The Agency, in close cooperation with ENTSO for Electricity, shall organise stakeholder involvement regarding secure system operation and other aspects of the implementation of this Regulation. Such involvement shall include regular meetings with stakeholders to identify problems and propose improvements related to the secure system operation.

Article 11Public consultation

1.   TSOs responsible for submitting proposals for terms and conditions or methodologies or their amendments in accordance with this Regulation shall consult stakeholders, including the relevant authorities of each Member State, on the draft proposals for terms and conditions or methodologies listed in Article 6(2) and (3). The consultation shall last for a period of not less than 1 month.

2.   The proposals for terms and conditions or methodologies submitted by the TSOs at Union level shall be published and submitted to public consultation at Union level. Proposals submitted by the TSOs at regional level shall be submitted to public consultation at least at regional level. Parties submitting proposals at bilateral or at multilateral level shall carry out a public consultation at least in the Member States concerned.

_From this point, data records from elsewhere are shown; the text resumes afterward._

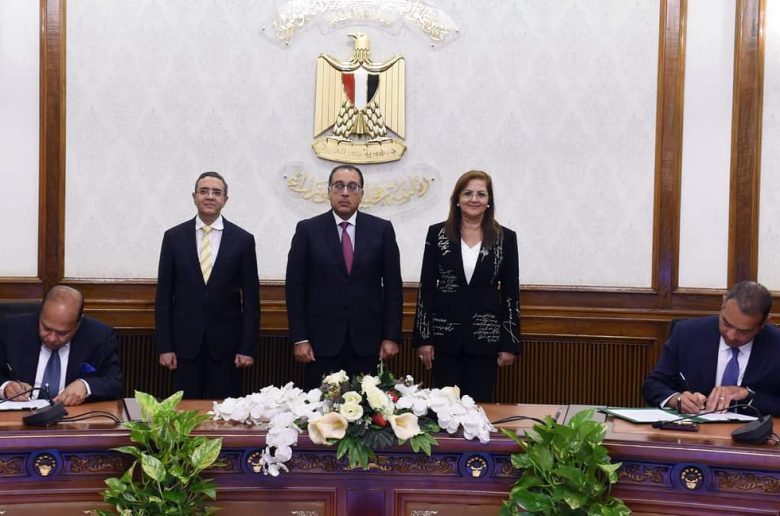 صندوق مصر السيادي وشركة إندوراما يوقعان مذكرة تفاهم لدراسة فرص الاستثمار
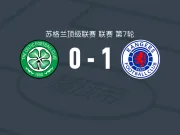 格拉斯哥流浪者1-0凯尔特人，瑙代里制胜球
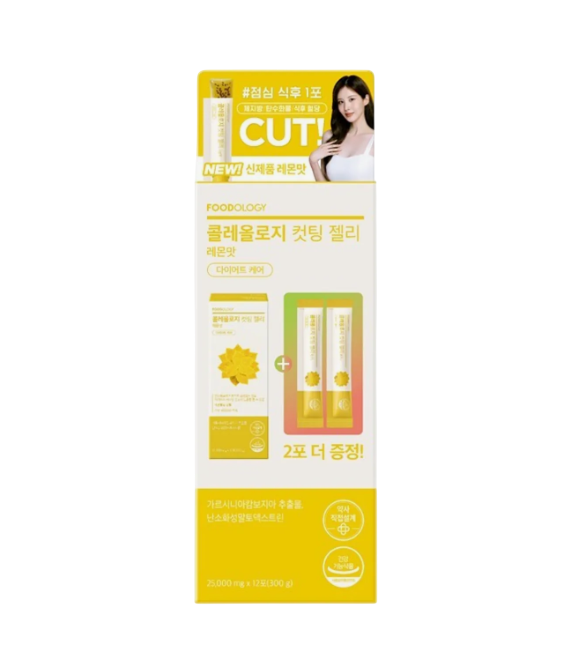 [FOODOLOGY] Coleology Cutting Jelly Lemon-Holiholic Main image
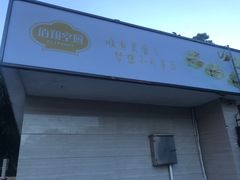 门面-佰翔空厨(厦门旗舰店)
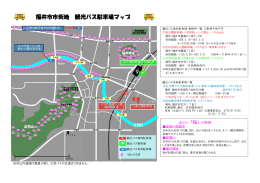 福井市市街地 観光バス駐車場マップ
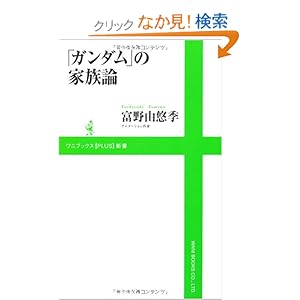 【クリックでお店のこの商品のページへ】「ガンダム」の家族論 (ワニブックスPLUS新書): 富野 由悠季: 本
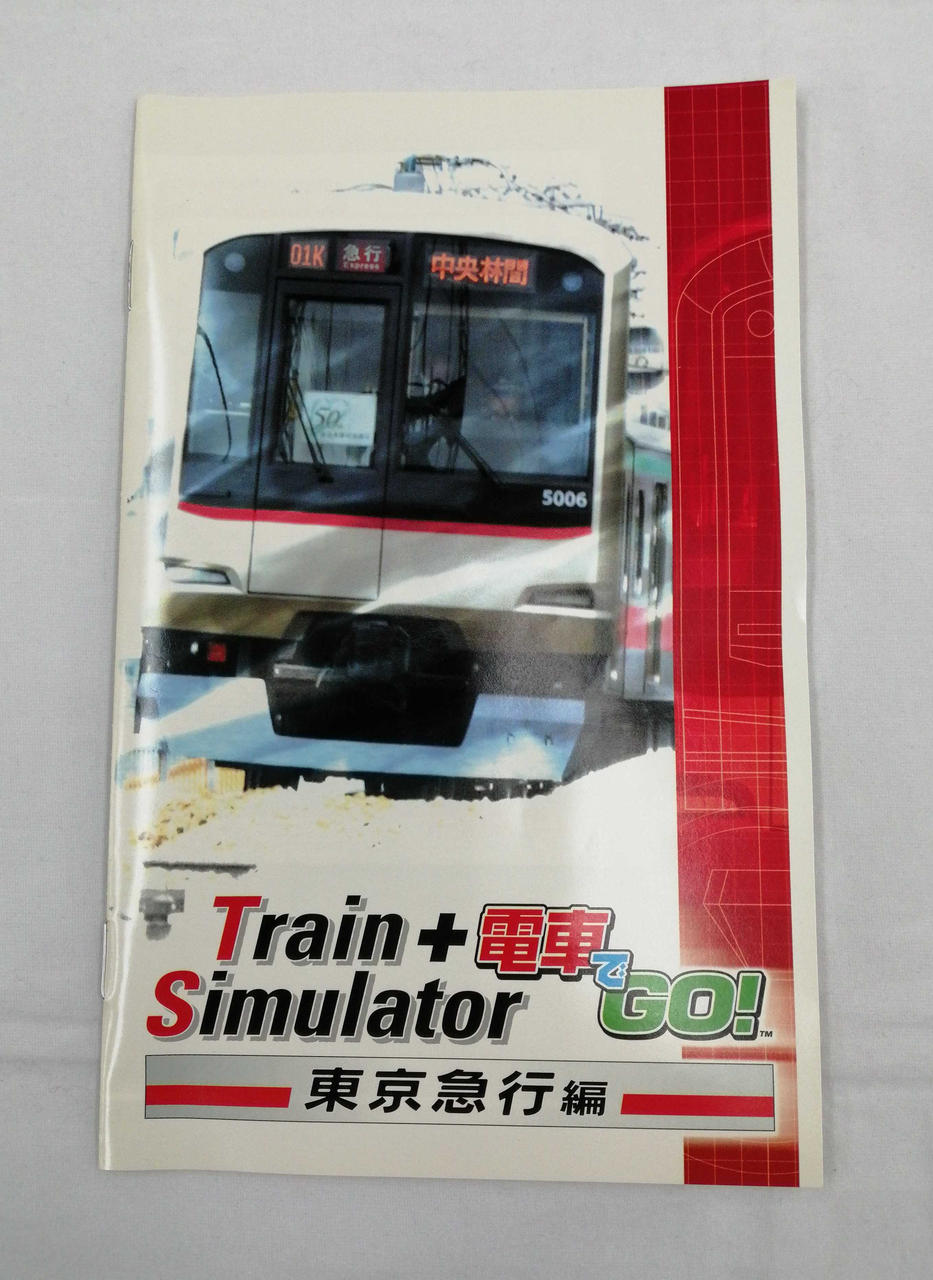 シーブス Train Simulator 電車でgo 東京急行編 Hardoffオフモール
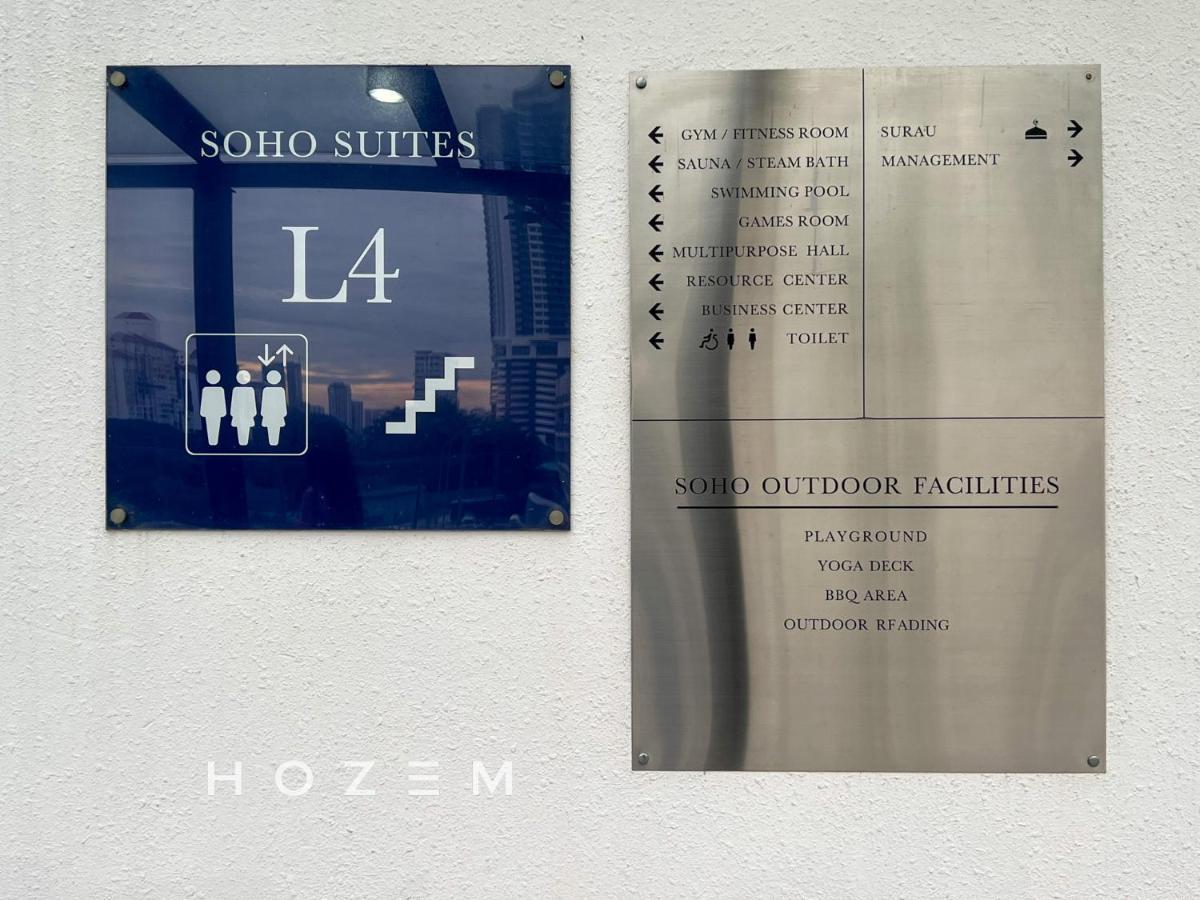 קואלה לומפור Sbr2B Hozem Kl1305 Apartment Old Klang Road מראה חיצוני תמונה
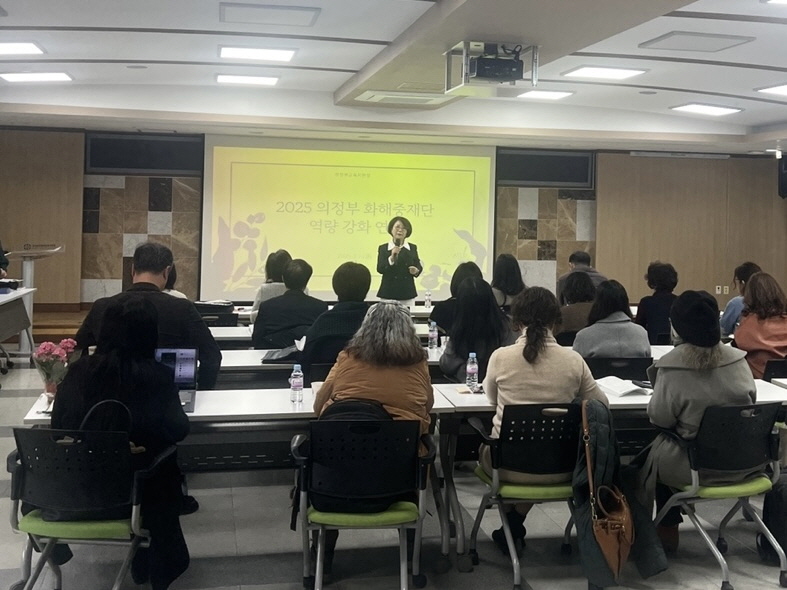 의정부 화해중재단 역량 강화 연수 학교 내 갈등의 교육적 해결, 의정부 화해중재단 연수로 시작1 이미지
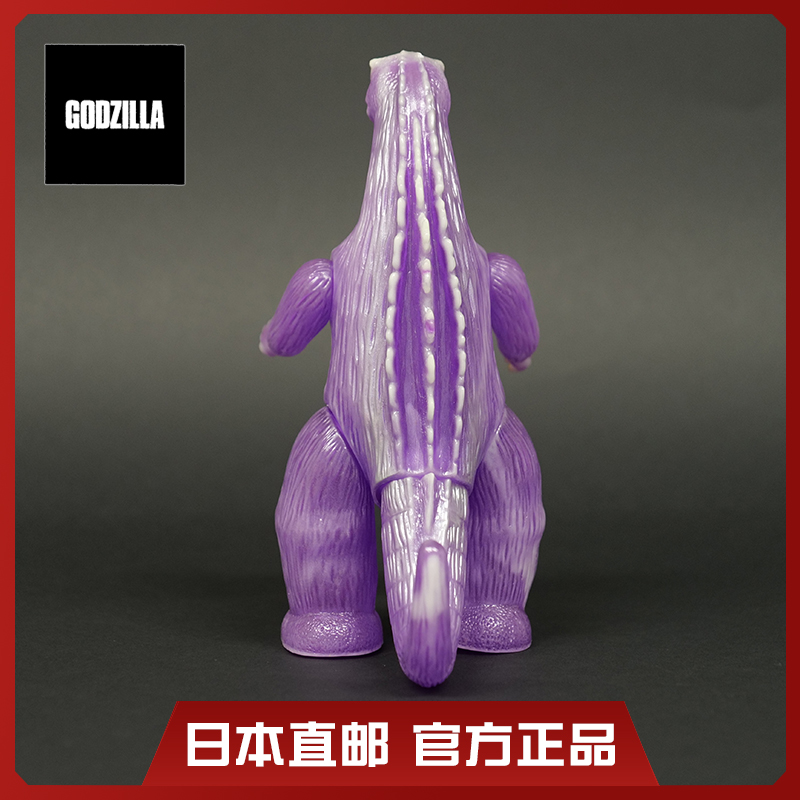 GODZILLA经典哥斯拉350 Marusan 二重成型 蓄光＆紫色ver.手办 - 图2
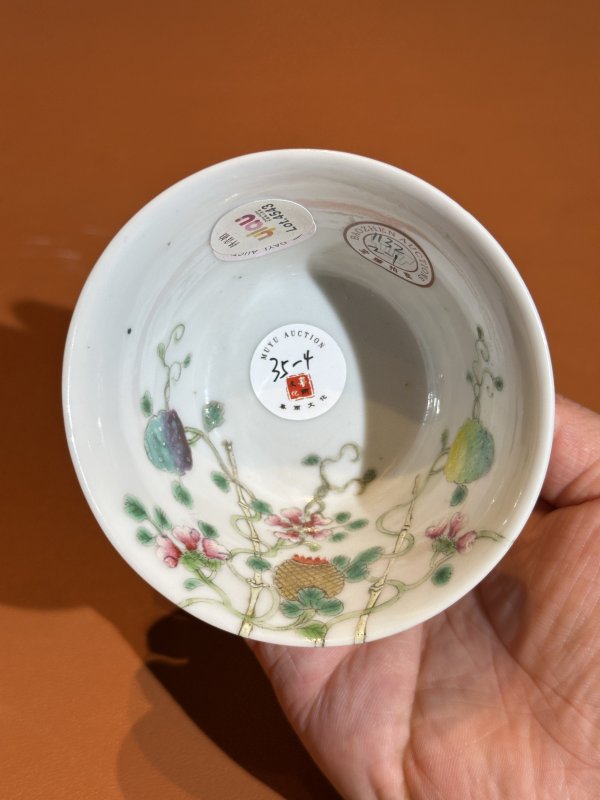 清光绪 粉彩过枝癞瓜纹马蹄碗一对 - 图6
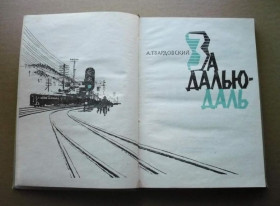 Інше Другое ^/--/^ А.Твардовский - За далью - даль - М.: Советский писатель, 1961 ^_^^^ А.Твардовський - За далью - даль - М.: Радянський письменник, 1961 - фото фото фото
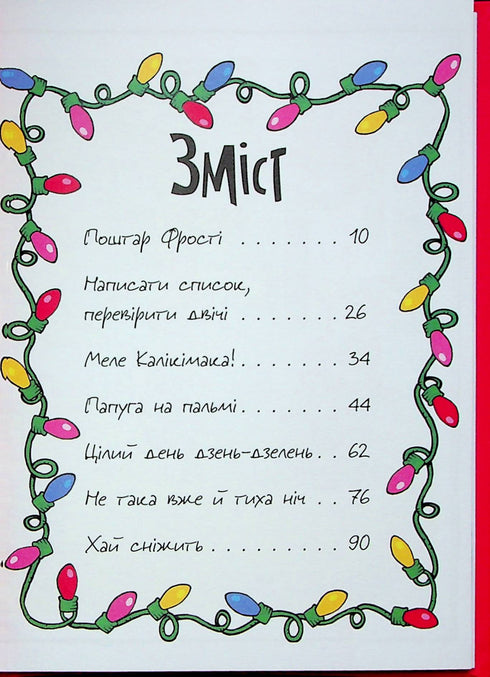 Judy Moody et Stink. Les joyeux saints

3.   The TSOs responsible for developing the proposal for terms and conditions or methodologies shall duly take into account the views of stakeholders resulting from the consultations prior to its submission for regulatory approval. In all cases, a sound justification for including or not including the views resulting from the consultation shall be provided together with the submission of the proposal and published in a timely manner before, or simultaneously with the publication of the proposal for terms and conditions or methodologies.

Article 12Confidentiality obligations

1.   Any confidential information received, exchanged or transmitted pursuant to this Regulation shall be subject to the conditions of professional secrecy laid down in paragraphs 2, 3 and 4.

2.   The obligation of professional secrecy shall apply to any persons subject to the provisions of this Regulation.

3.   Confidential information received by the persons or regulatory authorities referred to in paragraph 2 in the course of their duties may not be divulged to any other person or authority, without prejudice to cases covered by national law, the other provisions of this Regulation or other relevant Union legislation.

4.   Without prejudice to cases covered by national or Union legislation, regulatory authorities, bodies or persons who receive confidential information pursuant to this Regulation may use it only for the purpose of carrying out their duties under this Regulation.

Article 13Agreements with TSOs not bound by this Regulation

Where a synchronous area encompasses both union and third country TSOs, within 18 months after entry into force of this Regulation, all Union TSOs in that synchronous area shall endeavour to conclude with the third country TSOs not bound by this Regulation an agreement setting the basis for their cooperation concerning secure system operation and setting out arrangements for the compliance of the third country TSOs with the obligations set in this Regulation.

Article 14Monitoring

1.   ENTSO for Electricity shall monitor the implementation of this Regulation in accordance with Article 8(8) of Regulation (EC) No 714/2009. Monitoring shall cover at least the following matters:

(a)

operational security indicators in accordance with Article 15;

(b)

load-frequency control in accordance with Article 16;

(c)

regional coordination assessment in accordance with Article 17;

(d)

identification of any divergences in the national implementation of this Regulation for the terms and conditions or methodologies listed in Article 6(3);

(e)

identification of any additional improvements of tools and services in accordance with subparagraphs (a) and (b) of Article 55, beyond the improvements identified by the TSOs in accordance with Article 55(e);

(f)

identification of any necessary improvements in the annual report on incidents classification scale in accordance with Article 15, which are necessary in order to support sustainable and long-term operational security; and

(g)

identification of any difficulties concerning cooperation on secure system operation with third country TSOs.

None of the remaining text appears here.